Featured Market: Seattle
Seattle stands out among major U.S. markets due to the speed of its labor recovery and its sturdy real estate investment market. Seattle was one of the few office markets to record investment activity growth in the third quarter, up $604.2 million to $781.9 million. The average cap rate fell 10 basis points to 5.4% and the average quarterly office return rate was second only to Atlanta’s, measuring 0.9%.
Seattle recorded a loss of 26,900 private sector office-using jobs from April to June 2020 but recaptured 21,000 jobs from July to September 2020. This 78.1% recovery rate ranks first among top U.S. markets. Seattle’s concentration of consumer technology headquarters makes it well-suited to recover from the immediate shocks of the coronavirus, although some tech firms are placing sublease space on the market in an effort to reduce occupancy costs.
Amazon has benefitted from increased demand for e-commerce services during the pandemic and has been aggressively hiring to meet demand. Since the beginning of the pandemic, Amazon has announced the hiring of 225,000 new full-time workers to support global operations. While most of these hires are based outside of Seattle, Amazon’s headquarters will inevitably absorb a share of these workers. Other large firms such as Microsoft are similarly growing headcount to meet increased demand for technology services. Small and mid-sized firms such as Axon, Ziply Fiber, Seagen and Remitly have also boosted hiring levels.

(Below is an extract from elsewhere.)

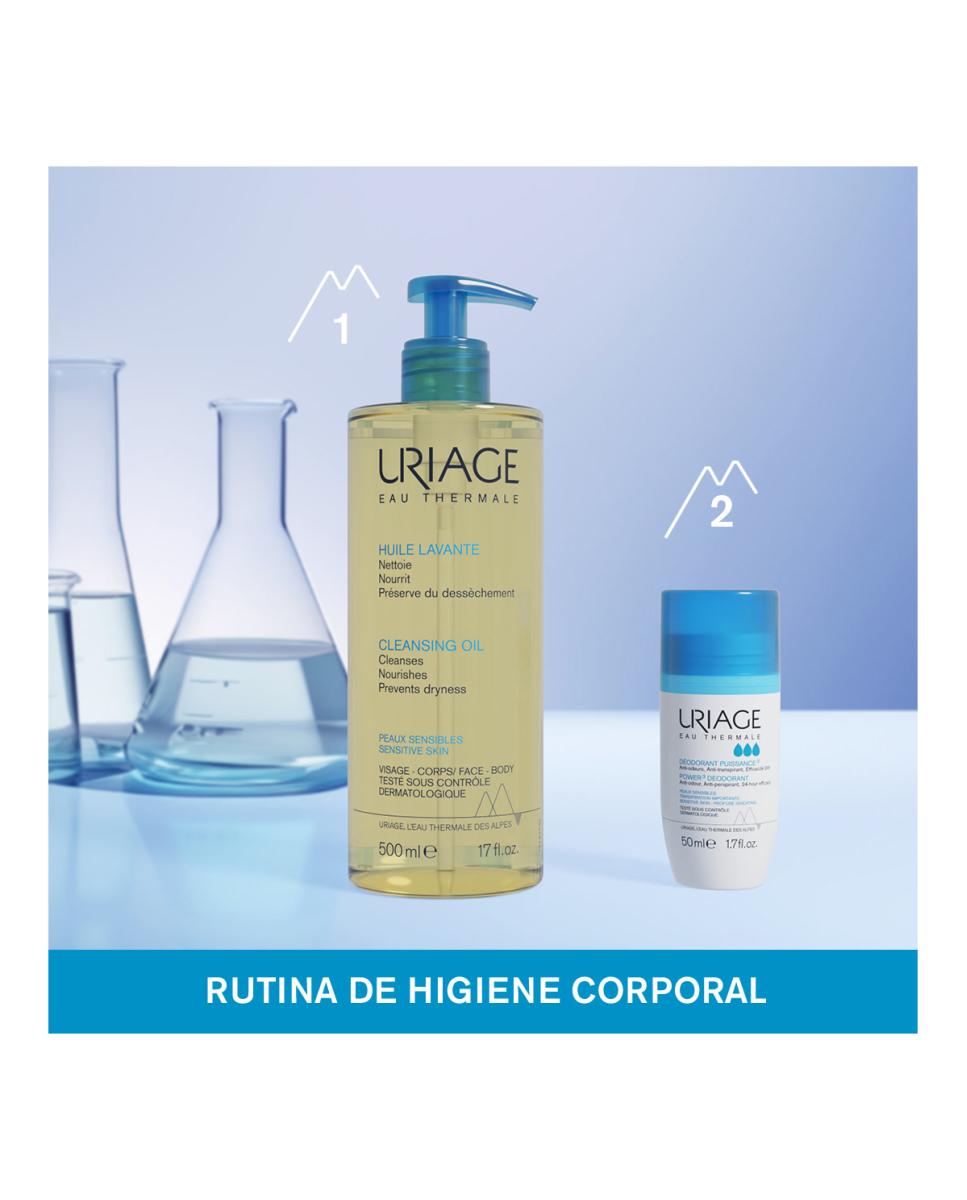 Desodorante TriActivo 50 ml Uriage - 50 ml 7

Although the tech industry has bolstered Seattle’s recovery from the pandemic, the financial struggles of Boeing may slow the city’s economic expansion. In late 2020, Boeing announced that it will lay off 31,000 employees by year-end and aims to shed one-third of its real estate portfolio. The economic ramifications of this move will prove challenging for the market, as Boeing is Seattle’s largest private employer and seventh-largest owner of office real estate. In short, Seattle features a mix of employers and a focus on tech that is well-suited for growth in 2021, but ongoing limitations on air travel and Boeing’s importance to the area will remain a hurdle.

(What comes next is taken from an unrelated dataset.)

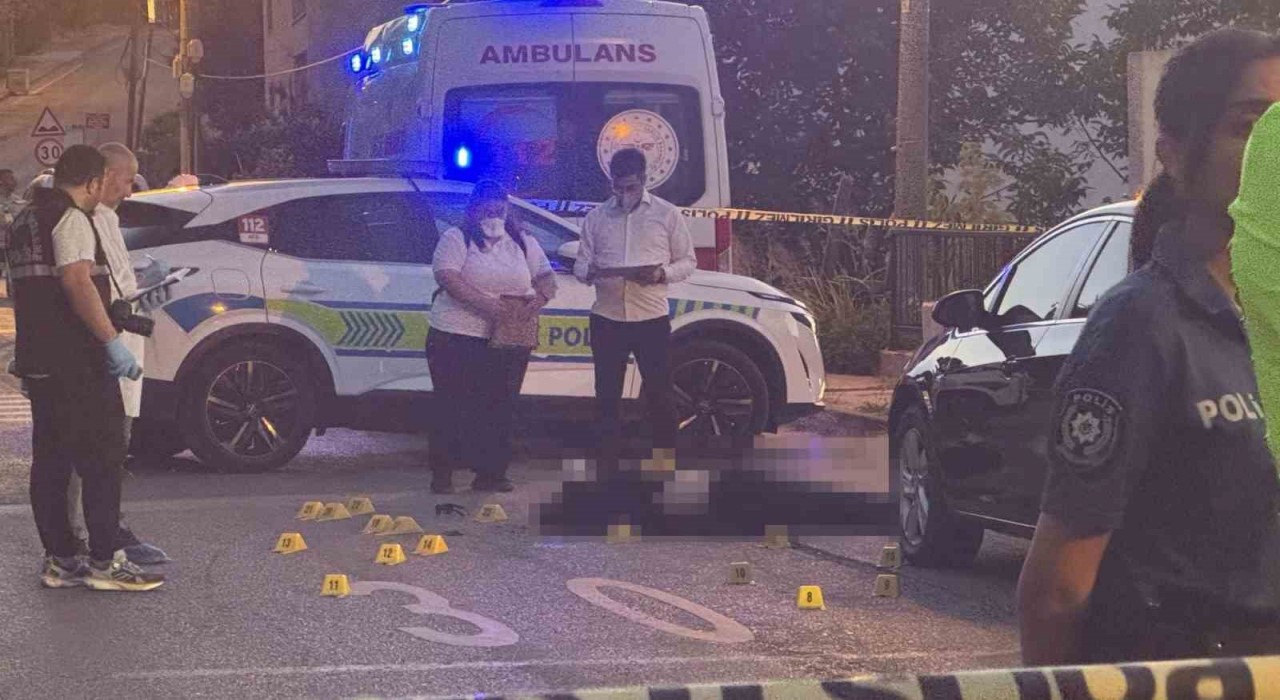 Sokak ortasında çifte cinayet: Baba ve oğul hayatını kaybetti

Implications for Our Clients
While the pandemic has forced many office occupiers to temporarily work remotely, office-using employment growth may support stronger office demand once firms begin “re-boarding.” Even as tenants face pressure to reduce occupancy costs, they also are recognizing during this forced remote work experiment that building corporate culture and mentoring staff without face-to-face interaction is a challenge. In particular, turnover is expensive for most office-using organizations, and the lack of loyalty bred by remote work is likely to lead to more turnover.
Once the pandemic has been controlled and office re-boarding occurs in earnest, the most likely outcome is an increase in flexible scheduling, with some employees working from home regularly but many others returning to the office full-time, depending on their functions. The markets that have seen the strongest rebound in office-using employment during the pandemic are well positioned to lead the recovery of demand for space.